# EXERCISE PROMPT:
In the data below, begin at the line with "Select boss for" and stop after the line with "When we set"; output those lines exactly and no pictures.

# THE RECORDS:
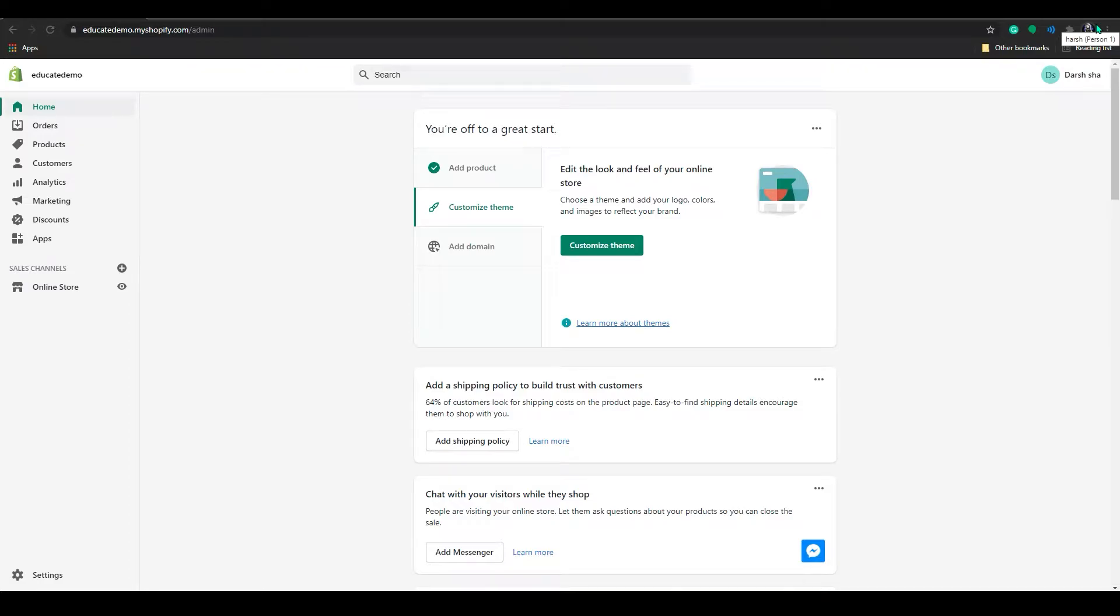Hello everyone, welcome to Educate eCommerce. In today's video, I will show you how to create QR code in your Shopify store.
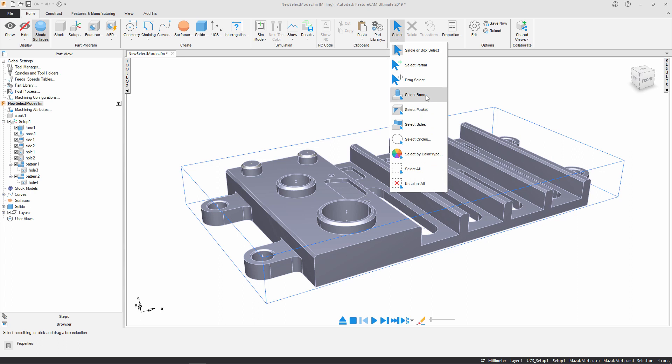Select boss for selecting surfaces for boss features, select pocket doing the same but for pocket features, and finally select sides for selecting surfaces for side features.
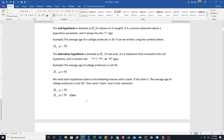When we set up a problem, we always write both hypotheses and designate which one is the claim. Typically it will be H₁, but occasionally it'll be H₀. If the claim is 'the average age of college professors is not 50,' we write 'claim' next to that statement. H₀ always has the equal sign, so H₀: μ = 50, and the claim is H₁: μ ≠ 50.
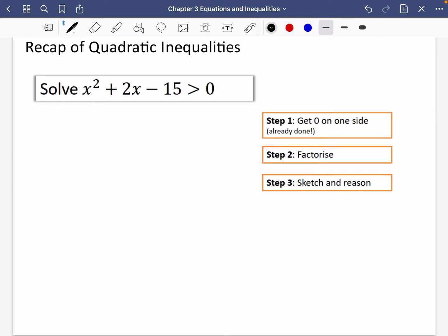Next up we're looking at quadratic inequalities, which is in the GCSE but is one of the more challenging parts. To solve a quadratic inequality, step one is to get zero on one side — we've already got that done. Step two is to factorize or solve, and you may not be able to factorize so you could use the calculator. Then step three is to sketch and reason.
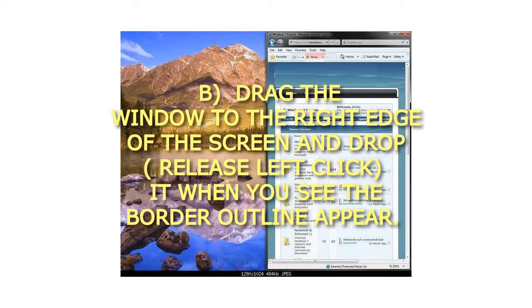B. Drag the window to the right edge of the screen and drop (release left click) when you see the border outline appear.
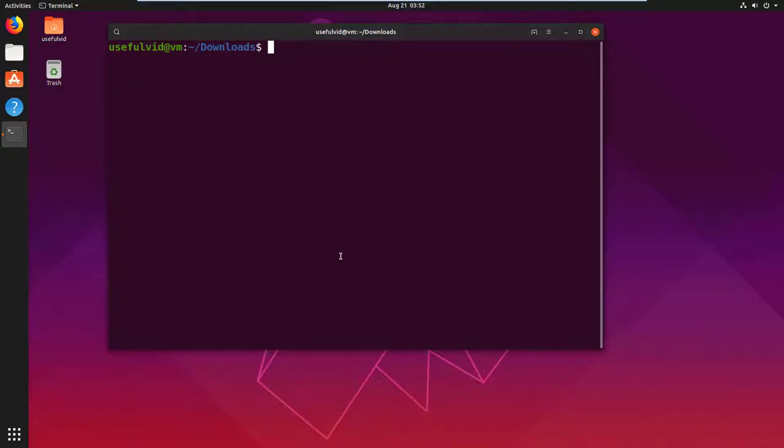In this video we take a look at how to create softlinks in Linux. If you'd like to learn about the difference between hardlinks and softlinks, follow the link in the video description.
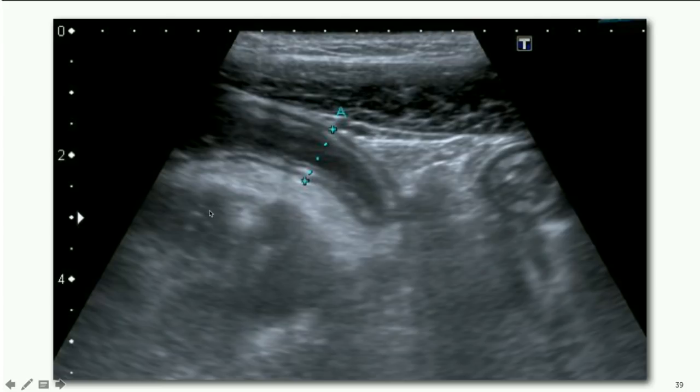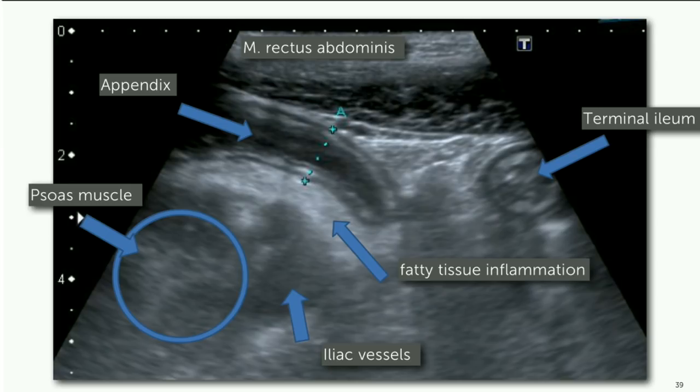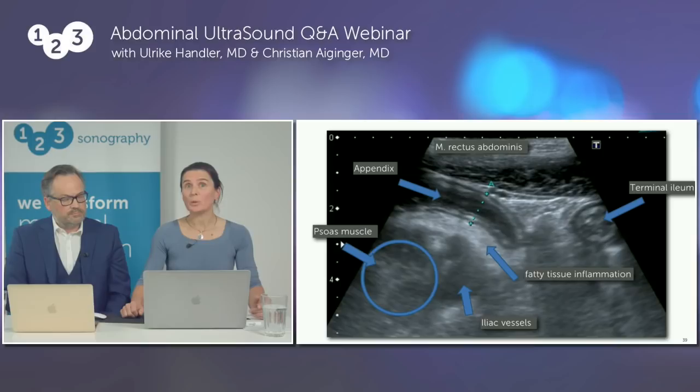The landmarks are visible: abdominal wall, psoas muscle, iliac vessels, and this dilated appendix. When we diagnose appendicitis with these findings we can be sure, but finding a healthy appendix is not always possible — in many cases we cannot visualize it. Appendicitis is a diagnosis combining clinical findings, lab tests, and imaging methods like ultrasound.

# ANSWER TO THE PROBLEM:
Select boss for selecting surfaces for boss features, select pocket doing the same but for pocket features, and finally select sides for selecting surfaces for side features.
When we set up a problem, we always write both hypotheses and designate which one is the claim. Typically it will be H₁, but occasionally it'll be H₀. If the claim is 'the average age of college professors is not 50,' we write 'claim' next to that statement. H₀ always has the equal sign, so H₀: μ = 50, and the claim is H₁: μ ≠ 50.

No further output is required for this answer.